* _TASK DESCRIPTION_
Return the whole listing exactly as it stands.

____

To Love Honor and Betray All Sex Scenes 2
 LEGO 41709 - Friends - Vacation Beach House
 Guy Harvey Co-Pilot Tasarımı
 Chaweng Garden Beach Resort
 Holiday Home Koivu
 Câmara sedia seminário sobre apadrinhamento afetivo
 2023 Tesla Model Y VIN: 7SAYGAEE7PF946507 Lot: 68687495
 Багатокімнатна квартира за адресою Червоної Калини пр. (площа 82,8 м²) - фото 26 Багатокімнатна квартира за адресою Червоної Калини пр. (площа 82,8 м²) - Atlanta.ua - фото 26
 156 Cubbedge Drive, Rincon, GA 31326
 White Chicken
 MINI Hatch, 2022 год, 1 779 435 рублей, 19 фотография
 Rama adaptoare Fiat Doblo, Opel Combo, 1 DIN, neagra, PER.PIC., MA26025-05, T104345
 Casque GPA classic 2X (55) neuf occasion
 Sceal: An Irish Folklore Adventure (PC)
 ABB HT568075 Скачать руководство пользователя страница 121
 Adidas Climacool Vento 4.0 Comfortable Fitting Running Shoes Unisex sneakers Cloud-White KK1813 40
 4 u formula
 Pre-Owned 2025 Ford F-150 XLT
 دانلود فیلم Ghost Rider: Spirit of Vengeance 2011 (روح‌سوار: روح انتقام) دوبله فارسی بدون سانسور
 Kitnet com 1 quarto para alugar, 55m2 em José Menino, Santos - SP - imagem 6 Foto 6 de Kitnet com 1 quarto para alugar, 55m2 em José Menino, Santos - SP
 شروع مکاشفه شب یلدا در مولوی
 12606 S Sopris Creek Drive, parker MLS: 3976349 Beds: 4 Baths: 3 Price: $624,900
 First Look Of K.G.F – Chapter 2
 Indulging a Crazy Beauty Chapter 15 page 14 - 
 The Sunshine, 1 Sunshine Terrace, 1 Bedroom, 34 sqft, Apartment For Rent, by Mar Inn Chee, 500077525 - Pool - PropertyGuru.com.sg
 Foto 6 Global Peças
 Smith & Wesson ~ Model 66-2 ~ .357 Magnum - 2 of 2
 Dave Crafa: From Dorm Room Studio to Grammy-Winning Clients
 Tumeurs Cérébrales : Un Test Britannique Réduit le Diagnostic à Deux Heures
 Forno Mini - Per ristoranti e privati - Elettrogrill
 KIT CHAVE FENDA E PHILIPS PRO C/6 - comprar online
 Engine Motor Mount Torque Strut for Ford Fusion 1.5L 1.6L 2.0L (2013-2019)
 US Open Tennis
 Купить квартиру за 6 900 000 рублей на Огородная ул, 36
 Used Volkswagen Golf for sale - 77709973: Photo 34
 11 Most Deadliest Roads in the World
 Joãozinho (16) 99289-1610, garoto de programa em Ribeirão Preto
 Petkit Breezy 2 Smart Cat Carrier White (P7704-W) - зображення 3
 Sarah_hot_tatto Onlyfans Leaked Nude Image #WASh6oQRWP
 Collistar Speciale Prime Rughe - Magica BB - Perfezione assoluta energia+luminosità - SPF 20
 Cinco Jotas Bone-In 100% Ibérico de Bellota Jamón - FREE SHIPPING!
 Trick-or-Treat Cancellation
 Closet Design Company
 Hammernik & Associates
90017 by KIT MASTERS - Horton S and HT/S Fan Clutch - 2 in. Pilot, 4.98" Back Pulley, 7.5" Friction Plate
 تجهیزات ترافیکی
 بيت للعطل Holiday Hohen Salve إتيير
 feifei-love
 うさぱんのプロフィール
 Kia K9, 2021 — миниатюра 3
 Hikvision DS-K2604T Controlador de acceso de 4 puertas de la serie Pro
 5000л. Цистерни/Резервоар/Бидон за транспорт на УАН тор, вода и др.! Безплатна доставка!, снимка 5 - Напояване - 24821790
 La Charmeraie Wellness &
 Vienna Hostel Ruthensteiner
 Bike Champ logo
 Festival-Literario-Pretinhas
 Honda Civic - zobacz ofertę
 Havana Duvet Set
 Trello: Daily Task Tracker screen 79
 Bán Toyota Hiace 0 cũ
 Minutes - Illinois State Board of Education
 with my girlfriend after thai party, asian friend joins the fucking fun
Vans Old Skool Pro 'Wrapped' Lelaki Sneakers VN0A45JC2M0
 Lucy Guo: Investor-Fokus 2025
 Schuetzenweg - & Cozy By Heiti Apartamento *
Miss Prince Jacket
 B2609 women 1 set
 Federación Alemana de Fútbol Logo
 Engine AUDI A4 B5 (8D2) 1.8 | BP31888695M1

____

* _ANSWER SECTION_
To Love Honor and Betray All Sex Scenes 2
 LEGO 41709 - Friends - Vacation Beach House
 Guy Harvey Co-Pilot Tasarımı
 Chaweng Garden Beach Resort
 Holiday Home Koivu
 Câmara sedia seminário sobre apadrinhamento afetivo
 2023 Tesla Model Y VIN: 7SAYGAEE7PF946507 Lot: 68687495
 Багатокімнатна квартира за адресою Червоної Калини пр. (площа 82,8 м²) - фото 26 Багатокімнатна квартира за адресою Червоної Калини пр. (площа 82,8 м²) - Atlanta.ua - фото 26
 156 Cubbedge Drive, Rincon, GA 31326
 White Chicken
 MINI Hatch, 2022 год, 1 779 435 рублей, 19 фотография
 Rama adaptoare Fiat Doblo, Opel Combo, 1 DIN, neagra, PER.PIC., MA26025-05, T104345
 Casque GPA classic 2X (55) neuf occasion
 Sceal: An Irish Folklore Adventure (PC)
 ABB HT568075 Скачать руководство пользователя страница 121
 Adidas Climacool Vento 4.0 Comfortable Fitting Running Shoes Unisex sneakers Cloud-White KK1813 40
 4 u formula
 Pre-Owned 2025 Ford F-150 XLT
 دانلود فیلم Ghost Rider: Spirit of Vengeance 2011 (روح‌سوار: روح انتقام) دوبله فارسی بدون سانسور
 Kitnet com 1 quarto para alugar, 55m2 em José Menino, Santos - SP - imagem 6 Foto 6 de Kitnet com 1 quarto para alugar, 55m2 em José Menino, Santos - SP
 شروع مکاشفه شب یلدا در مولوی
 12606 S Sopris Creek Drive, parker MLS: 3976349 Beds: 4 Baths: 3 Price: $624,900
 First Look Of K.G.F – Chapter 2
 Indulging a Crazy Beauty Chapter 15 page 14 - 
 The Sunshine, 1 Sunshine Terrace, 1 Bedroom, 34 sqft, Apartment For Rent, by Mar Inn Chee, 500077525 - Pool - PropertyGuru.com.sg
 Foto 6 Global Peças
 Smith & Wesson ~ Model 66-2 ~ .357 Magnum - 2 of 2
 Dave Crafa: From Dorm Room Studio to Grammy-Winning Clients
 Tumeurs Cérébrales : Un Test Britannique Réduit le Diagnostic à Deux Heures
 Forno Mini - Per ristoranti e privati - Elettrogrill
 KIT CHAVE FENDA E PHILIPS PRO C/6 - comprar online
 Engine Motor Mount Torque Strut for Ford Fusion 1.5L 1.6L 2.0L (2013-2019)
 US Open Tennis
 Купить квартиру за 6 900 000 рублей на Огородная ул, 36
 Used Volkswagen Golf for sale - 77709973: Photo 34
 11 Most Deadliest Roads in the World
 Joãozinho (16) 99289-1610, garoto de programa em Ribeirão Preto
 Petkit Breezy 2 Smart Cat Carrier White (P7704-W) - зображення 3
 Sarah_hot_tatto Onlyfans Leaked Nude Image #WASh6oQRWP
 Collistar Speciale Prime Rughe - Magica BB - Perfezione assoluta energia+luminosità - SPF 20
 Cinco Jotas Bone-In 100% Ibérico de Bellota Jamón - FREE SHIPPING!
 Trick-or-Treat Cancellation
 Closet Design Company
 Hammernik & Associates
90017 by KIT MASTERS - Horton S and HT/S Fan Clutch - 2 in. Pilot, 4.98" Back Pulley, 7.5" Friction Plate
 تجهیزات ترافیکی
 بيت للعطل Holiday Hohen Salve إتيير
 feifei-love
 うさぱんのプロフィール
 Kia K9, 2021 — миниатюра 3
 Hikvision DS-K2604T Controlador de acceso de 4 puertas de la serie Pro
 5000л. Цистерни/Резервоар/Бидон за транспорт на УАН тор, вода и др.! Безплатна доставка!, снимка 5 - Напояване - 24821790
 La Charmeraie Wellness &
 Vienna Hostel Ruthensteiner
 Bike Champ logo
 Festival-Literario-Pretinhas
 Honda Civic - zobacz ofertę
 Havana Duvet Set
 Trello: Daily Task Tracker screen 79
 Bán Toyota Hiace 0 cũ
 Minutes - Illinois State Board of Education
 with my girlfriend after thai party, asian friend joins the fucking fun
Vans Old Skool Pro 'Wrapped' Lelaki Sneakers VN0A45JC2M0
 Lucy Guo: Investor-Fokus 2025
 Schuetzenweg - & Cozy By Heiti Apartamento *
Miss Prince Jacket
 B2609 women 1 set
 Federación Alemana de Fútbol Logo
 Engine AUDI A4 B5 (8D2) 1.8 | BP31888695M1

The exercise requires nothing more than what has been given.